A state government law designed to identify pit bull dogs under a new standard has survived its first legal attack, but not without some bite wounds.
A senior Victorian judge has affirmed a local council declaration that a dog called Brutus is a restricted breed - an American pit bull terrier - which now may lead to its destruction.
But Judge Marilyn Harbison has also questioned the ultimate effectiveness of the new law and expressed disquiet that the process that led to her decision required "detailed and difficult" analysis.
Judge Harbison, Vice President of the Victorian Civil and Administrative Tribunal, said it was her view that it is "unlikely that the new standard has reduced uncertainty" for owners or councils as to what constituted a dangerous dog.
She observed at the end of her judgment on Monday that it was unlikely the new standard would lead to reduced costs or reduced time in determining applications under the law.
Brutus' owner, Michael Rexter, appealed to VCAT an earlier declaration by Hume City Council that his dog was an American pit bull terrier, a restricted breed.
Barrister Simone Bailey, for Mr Rexter, sought a review of that decision under the Domestic Animals act, while counsel Trevor Wallwork, for the council, opposed it.
In her reasons, Judge Harbison noted that the question before her was not whether Brutus was an American pit bill terrier - defined by "common knowledge or show standards" - but whether he was deemed to be one by application of the new "standard".

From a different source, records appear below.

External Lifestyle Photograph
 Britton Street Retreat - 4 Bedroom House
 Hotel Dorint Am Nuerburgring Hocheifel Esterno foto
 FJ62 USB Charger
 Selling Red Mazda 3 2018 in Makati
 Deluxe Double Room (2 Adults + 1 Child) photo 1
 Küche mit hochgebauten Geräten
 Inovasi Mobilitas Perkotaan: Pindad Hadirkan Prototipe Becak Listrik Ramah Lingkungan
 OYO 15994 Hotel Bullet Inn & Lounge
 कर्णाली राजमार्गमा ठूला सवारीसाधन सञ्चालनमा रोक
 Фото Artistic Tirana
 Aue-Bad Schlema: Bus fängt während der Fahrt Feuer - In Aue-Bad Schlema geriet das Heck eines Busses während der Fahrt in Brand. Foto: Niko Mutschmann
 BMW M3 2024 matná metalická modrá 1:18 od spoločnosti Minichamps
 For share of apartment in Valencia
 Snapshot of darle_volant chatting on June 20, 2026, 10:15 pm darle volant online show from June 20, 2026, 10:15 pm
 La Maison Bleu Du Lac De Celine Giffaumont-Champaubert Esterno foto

She said a "determination as to whether the dog meets the cumulative requirements in the standard is to be determined on a commonsense basis".
"It is designed to be used by laypersons rather than experts in canine anatomy," the judge added.
Judge Harbison said both parties provided evidence of Brutus' points of "compliance and deviation" from the gazetted standard, with Mr Hexter calling a veterinarian and a dog show judge, while Mr Wallwork called two authorised council officers his opponent argued had no expertise in the field of their evidence.
After the evidence, which included visiting Brutus herself, Judge Harbison concluded that she had identified 12 "supplementary physical characteristics" that applied to him in making her conclusion.
She further commented that it was "regrettable" that the process "requires a great deal of detailed and difficult analysis".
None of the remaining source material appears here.